Continuing the discussion from Rate Limits for Let's Encrypt:
What distincts a renewal vs a new certificate? Same CSR?
Continuing the discussion from Rate Limits for Let's Encrypt:
What distincts a renewal vs a new certificate? Same CSR?
Based on my understanding of the code:
There’s a limit of 20 certificates per registered domain.
If you hit that limit, but are requesting a certificate that matches the list of domains of a previous certificate, that limit doesn’t apply. That’s what’s meant with renewal in this context. It allows you to renew your existing certificates even if you can’t get any other new certificates for a while.
There’s a separate limit of 5 certificates per “domain list”, meaning you can’t get more than 5 certificates with the exact same list of domains in a week. That’s probably to prevent buggy automation from causing too much signing load.

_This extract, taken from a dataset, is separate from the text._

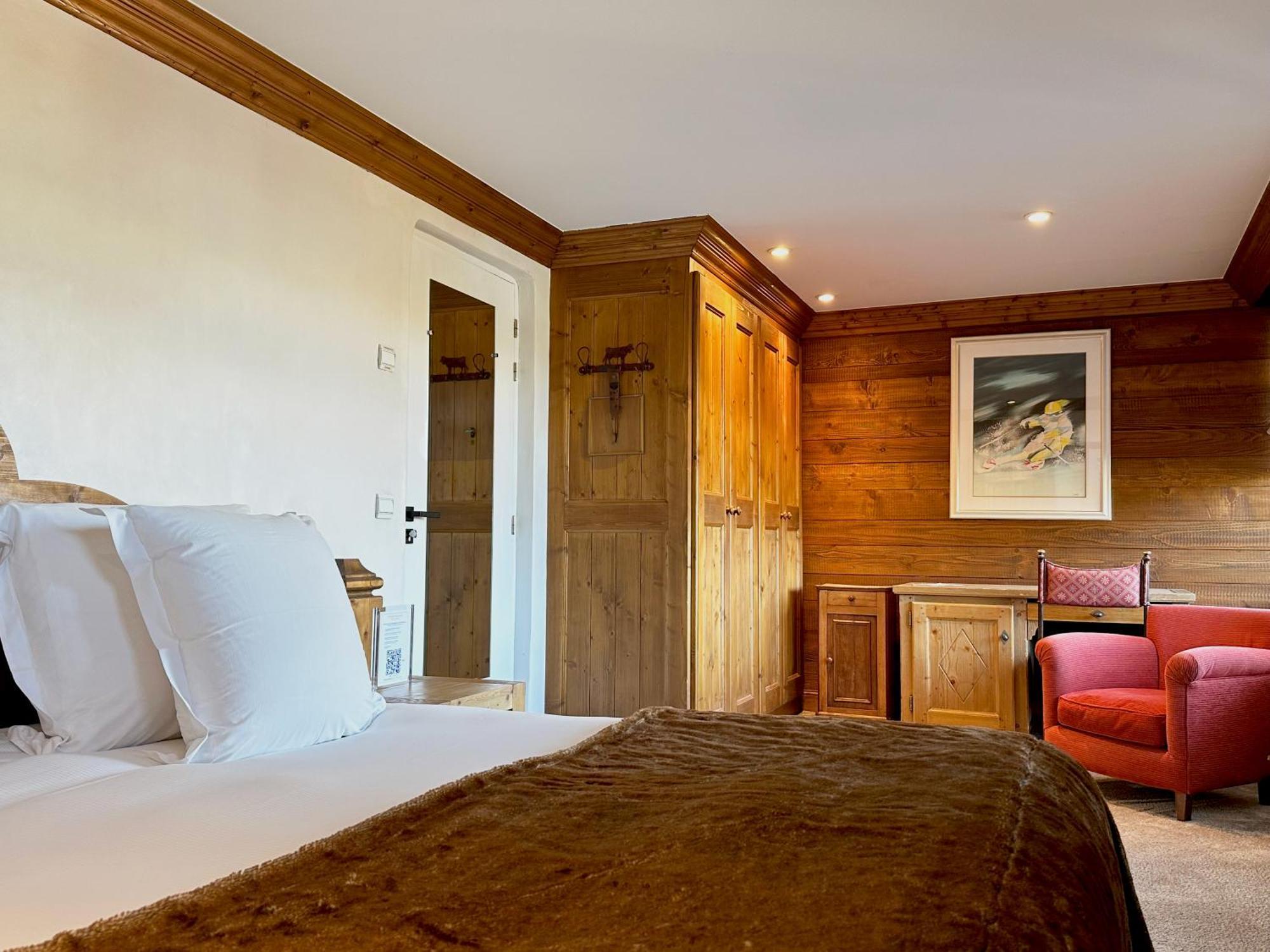 Hotel Les Peupliers 쿠쉐벨 외부 사진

Exactly, every cert has the same set of fqdn than another cert emited at least 60 days ago is considered a renewal of the former cert.
@pfg is correct: The exception to the certificates/domain limit is defined in terms of “FQDN sets.” So if you issue a certificate with the same exact set of FQDNs (DNS names) you qualify for the exception.

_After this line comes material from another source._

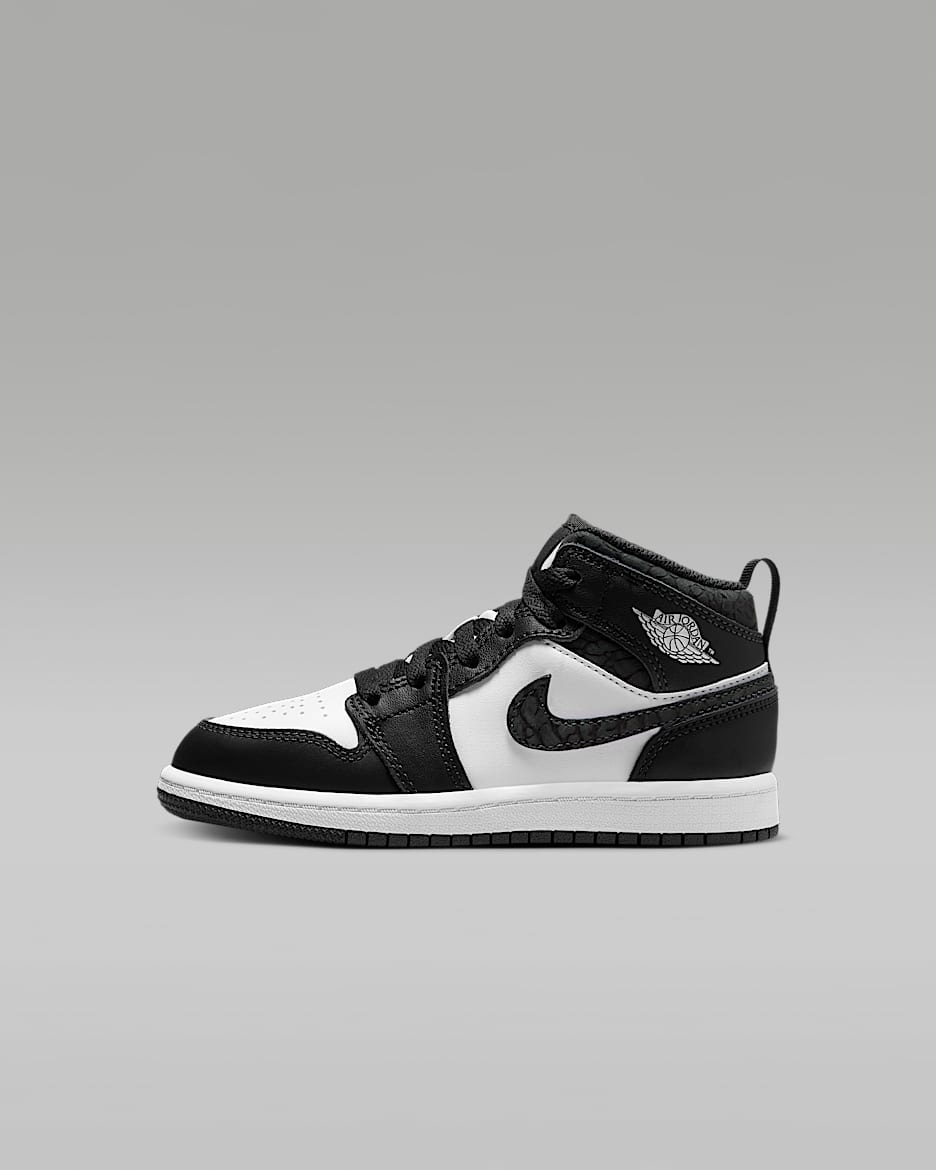 Chaussure Jordan 1 Mid SE pour enfant. Nike CA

@nit: A small correction: We actually removed the “at least 60 days ago” part. Now it doesn’t matter when the previous certificate was issued. We decided this was more straightforward to implement and explain, and by pairing the exception with a new rate limit for exact FQDN sets, we could get the same limiting properties we wanted.

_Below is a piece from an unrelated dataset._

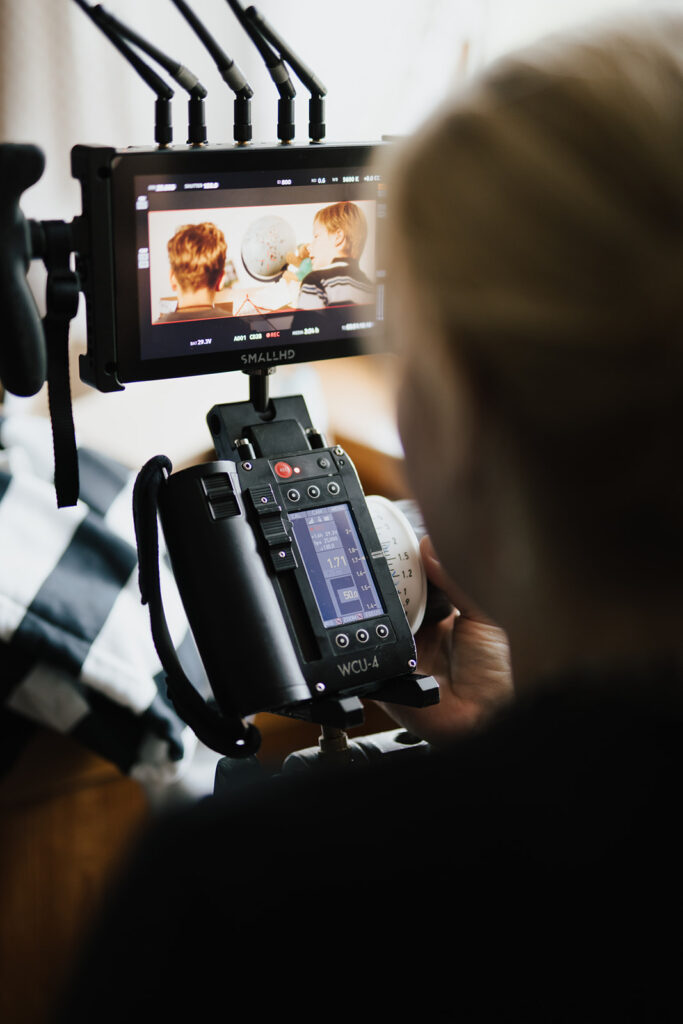 Behind the Scenes Fotografin Film by Jennifer Hartmann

thanks @jsha this definitely makes letsencrypt more suitable to use. I left most of my letsencrypt ssl certs to expire as i kept hitting the old rate limits for subdomains. This new limit hopefully will be better
Does the order of the FQDNs matter when it comes to this exception? Can I also assume that this exception does not apply if it's the same set as before but with one FQDN removed?
Order doesn't matter.
That's correct.
Will any of the rate limits will be raised up or completely dropped after leaving Beta status?
See the linked thread: We raised the limits shortly before exiting Beta. We don’t have an additional increase planned soon, but as always we’ll keep an eye on things and adapt as necessary.
Okay, then I have to wait to get certificates for all sub domains and to do it week for week.
I know I can put up to 100 FQDN in one certificate, but I use an own FQDN for each service (instead of sub directory) and I think it’s better to have services separated - even in certificates. So, no one knows of another service, if just using one.
Another question:
Will renwals hit the rate limits, too? If yes, this means if I have to renew 30 certs I have to spread this over two weeks and I’m not able to retrieve new certs in week one. Right?
See the linked thread: We now have an exception to the “certificatesPerName” rate limit for issuance requests that look like renewals: i.e., those that use the exact same set of names as a previously issued certificate.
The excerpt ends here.